Nos últimos dias, o país acompanhou mais uma nomeação para o Supremo Tribunal Federal - e, mais uma vez, a cadeira não será ocupada por uma mulher.
A expectativa era grande. Falava-se em inclusão, diversidade, representatividade. Afinal, um governo que se apresenta como plural e comprometido com a equidade de gênero deveria, naturalmente, entender a importância simbólica e prática de uma mulher ocupar um dos cargos mais altos do Judiciário brasileiro. Mas o que vimos foi o contrário: uma nova indicação masculina, reforçando uma estrutura histórica de exclusão silenciosa.
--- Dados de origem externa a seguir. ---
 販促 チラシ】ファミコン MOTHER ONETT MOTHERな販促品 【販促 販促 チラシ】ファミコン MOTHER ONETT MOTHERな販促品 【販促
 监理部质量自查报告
Muitos tentarão reduzir o debate à velha armadilha do “não importa o gênero, importa a competência”. Mas o que precisamos compreender é que a ausência feminina não é uma questão de competência individual - é um reflexo de uma estrutura que sistematicamente limita o acesso das mulheres aos espaços de poder. Quando a mais alta Corte do país é composta majoritariamente por homens, ela reproduz uma visão de mundo que, por mais técnica que seja, não pode ser neutra.
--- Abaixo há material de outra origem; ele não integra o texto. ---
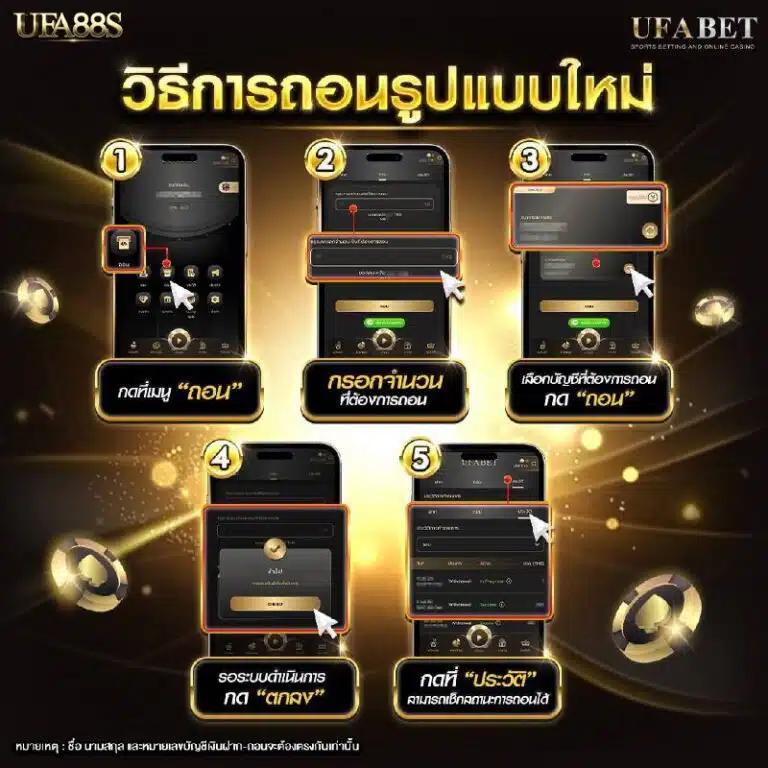 บ้านผลบอลล เว็บตรงรวมผลบอลแม่นยำ ตรงใจสายเดิมพัน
As decisões do STF tocam diretamente temas que afetam de maneira particular a vida das mulheres: a saúde reprodutiva, a licença-maternidade, as políticas de combate à violência doméstica, o assédio, o trabalho informal, a dupla jornada, o direito ao próprio corpo e à própria voz.
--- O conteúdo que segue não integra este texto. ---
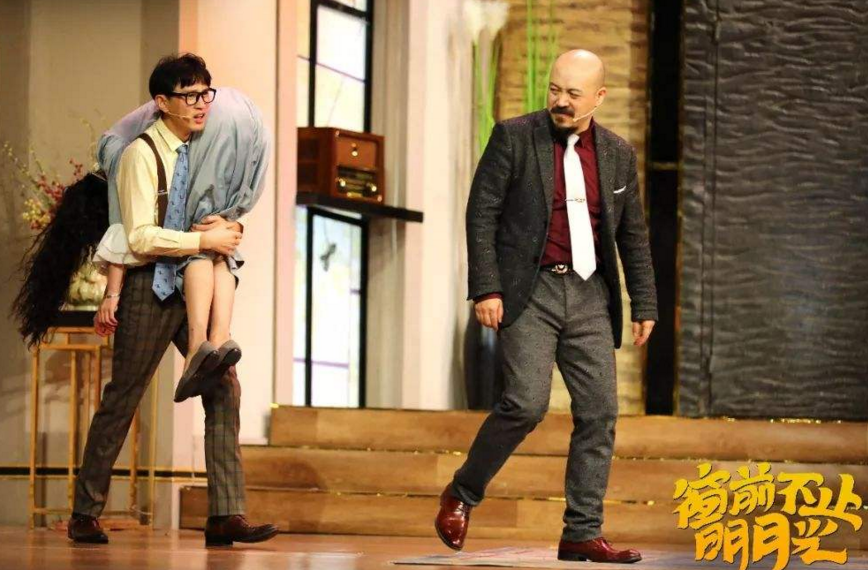 2022开心麻花舞台剧《窗前不止明月光》北京站怎么买票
Em um país onde a maioria da população é feminina, é inconcebível que essas vozes continuem sendo interpretadas — e julgadas — quase exclusivamente por olhares masculinos.
Ter uma mulher no STF não é “cumprir cota”. É garantir pluralidade de perspectivas, é dar legitimidade a um tribunal que julga as dores e as lutas de um país diverso.
É preciso lembrar que as mulheres enfrentam interrupções constantes - em reuniões, em cargos de liderança, em debates públicos - e isso não é diferente nos espaços institucionais mais elevados. Há uma cultura que silencia, que duvida, que subestima. E quando a voz feminina não está nem presente para ser interrompida, o silêncio se torna institucional.
O mais inquietante é que essa escolha não é apenas um gesto político: é um recado.
Um recado de que, mesmo em governos que se dizem comprometidos com a inclusão, as decisões continuam sendo tomadas de cima, por e para homens. É um lembrete de que a representatividade ainda é vista como um detalhe, e não como um pilar da democracia
Enquanto não compreendermos que diversidade é sinônimo de justiça, continuaremos naturalizando tribunais que decidem o destino das mulheres sem que elas estejam sentadas à mesa.
E um país que silencia as vozes femininas no seu mais alto tribunal, silencia também parte da sua própria consciência coletiva.
Dra. Débora Garcia Duarte
Advogada. Mestre em Direito (UENP - Jacarezinho). Professora universitária e coordenadora da FIT. Autora da obra Reveng Porn: a perpetuação da violência contra a mulher na internet e o poder punitivo. Pesquisadora na área de direitos das mulheres e doutoranda pela FCA - UNESP Botucatu.